What you will do — Nothing in the entries may change when you repeat them, and no images may appear.
------------------------
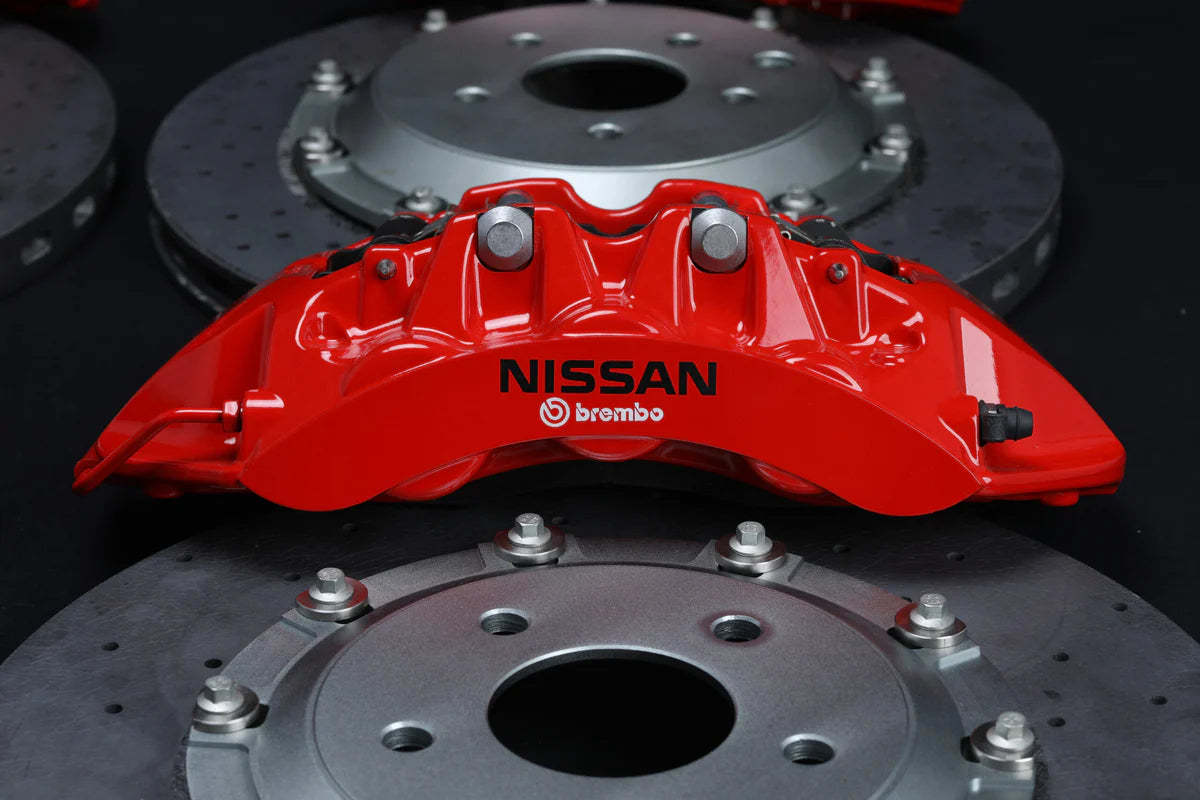 R35 GTR Carbon Ceramic Brake Conversion Kit – Nissan Skyline R32-R34 – Red Calipers with Black Hat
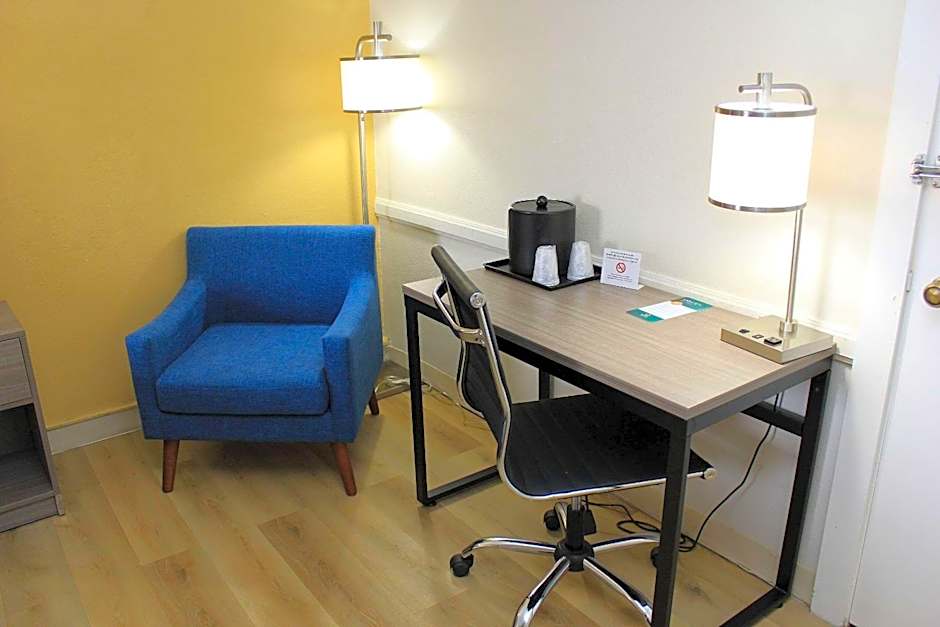 Quality Inn Aurora Denver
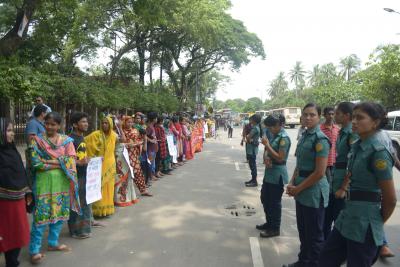 Bangladesh: Garment factory workers stage protest over suspension of employees Bangladesh: Garment factory workers stage protest over suspension of employees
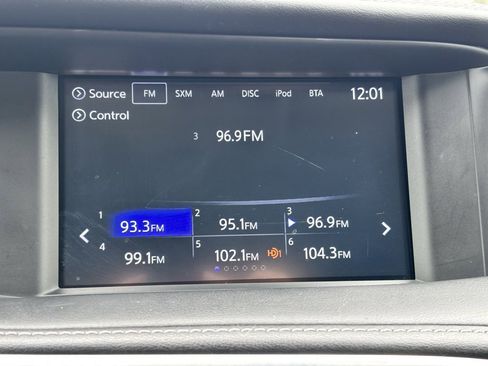 Used 2018 INFINITI QX30 Premium w/ Technology Package image 32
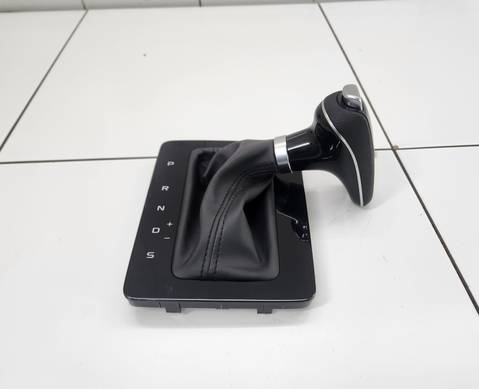 Накладка центральной консоли + ручка акпп для Faw Bestune B70 (с 2020)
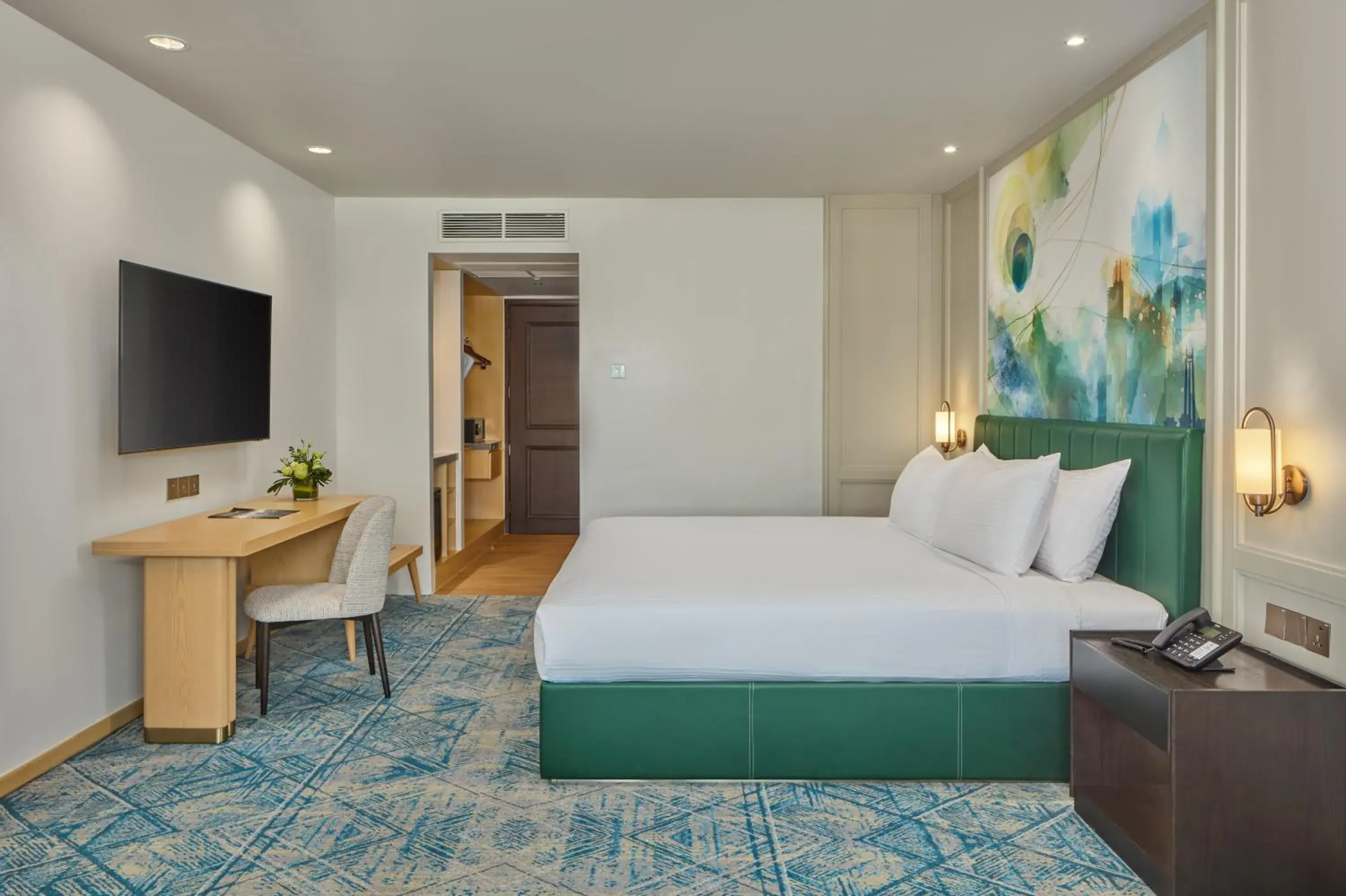 Property building, Bed in The Heritage Hotel Manila Property building, Bed in The Heritage Hotel Manila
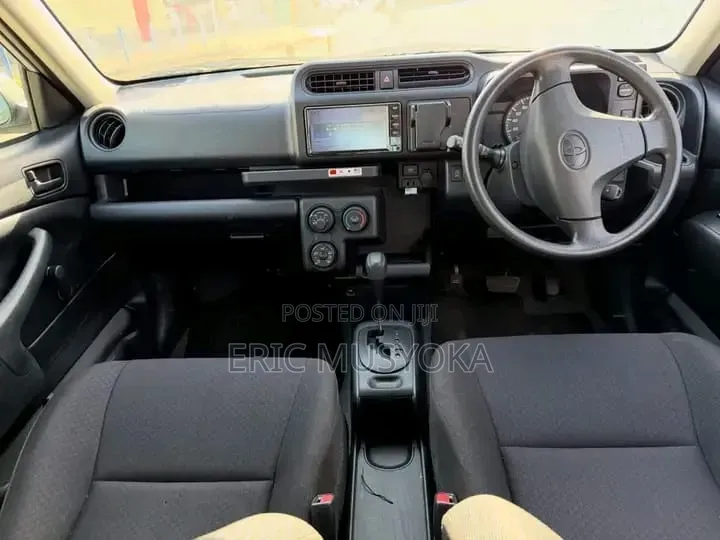 Toyota Probox 1.5 DX Comfort 2WD 2020 Silver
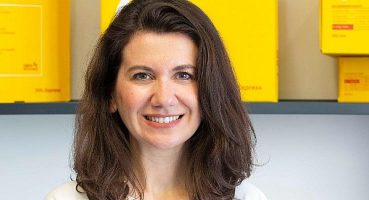 Denizden Şahika Ercümen’in eliyle çıkan atıklar, Seçkin Pirim tasarımı ile ödül heykeline dönüşüyor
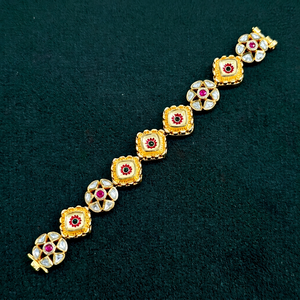 Bracelet Kundan Sovereign plaqué or, pierres Kundan, laiton, bijoux ethniques Kundan pour mariage et fêtes. - Product Image 1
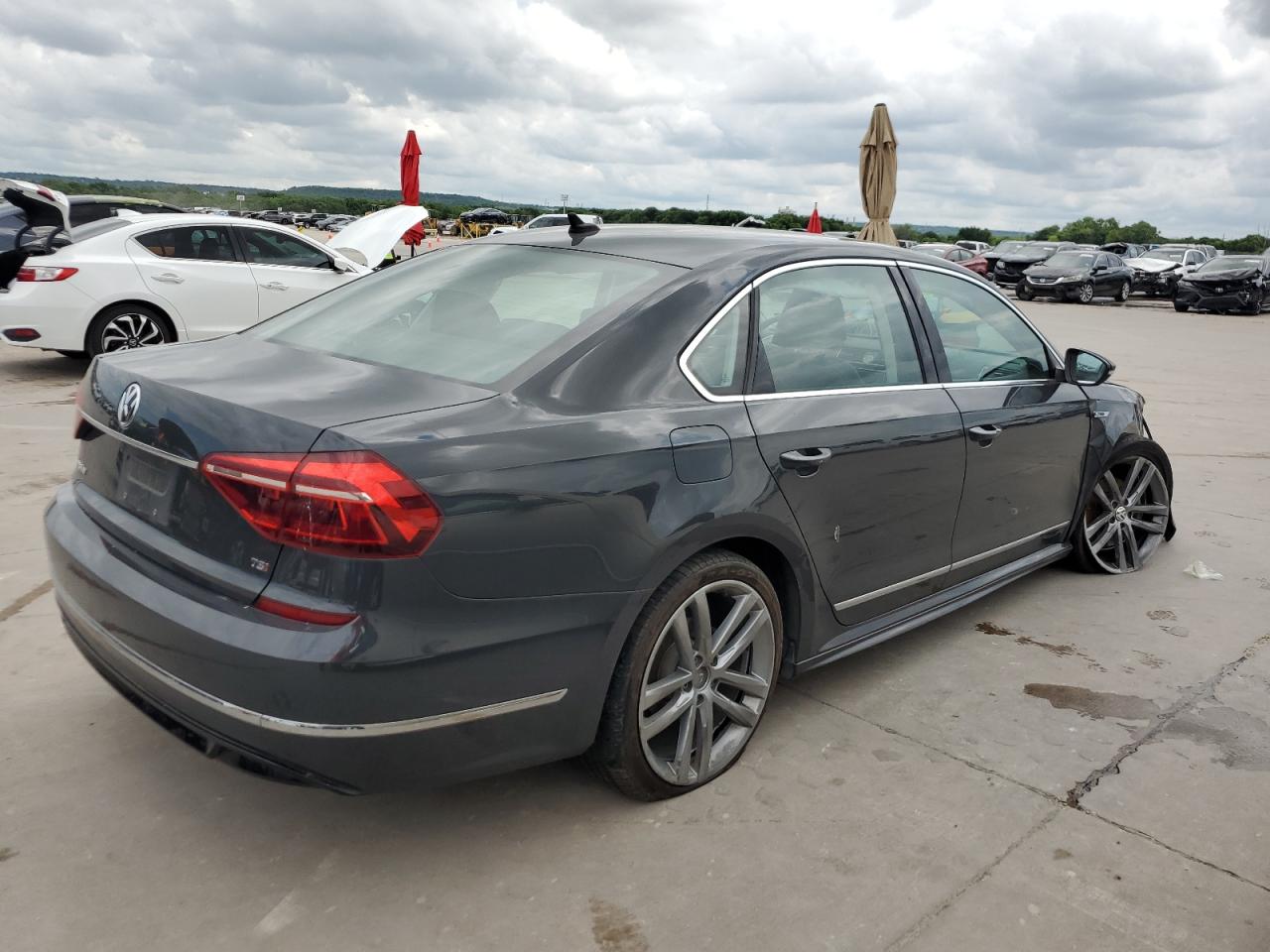 1VWDT7A34HC007129 2017 Volkswagen Passat R-Line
------------------------
Task solution —
 R35 GTR Carbon Ceramic Brake Conversion Kit – Nissan Skyline R32-R34 – Red Calipers with Black Hat
 Quality Inn Aurora Denver
 Bangladesh: Garment factory workers stage protest over suspension of employees Bangladesh: Garment factory workers stage protest over suspension of employees
 Used 2018 INFINITI QX30 Premium w/ Technology Package image 32
 Накладка центральной консоли + ручка акпп для Faw Bestune B70 (с 2020)
 Property building, Bed in The Heritage Hotel Manila Property building, Bed in The Heritage Hotel Manila
 Toyota Probox 1.5 DX Comfort 2WD 2020 Silver
 Denizden Şahika Ercümen’in eliyle çıkan atıklar, Seçkin Pirim tasarımı ile ödül heykeline dönüşüyor
 Bracelet Kundan Sovereign plaqué or, pierres Kundan, laiton, bijoux ethniques Kundan pour mariage et fêtes. - Product Image 1
 1VWDT7A34HC007129 2017 Volkswagen Passat R-Line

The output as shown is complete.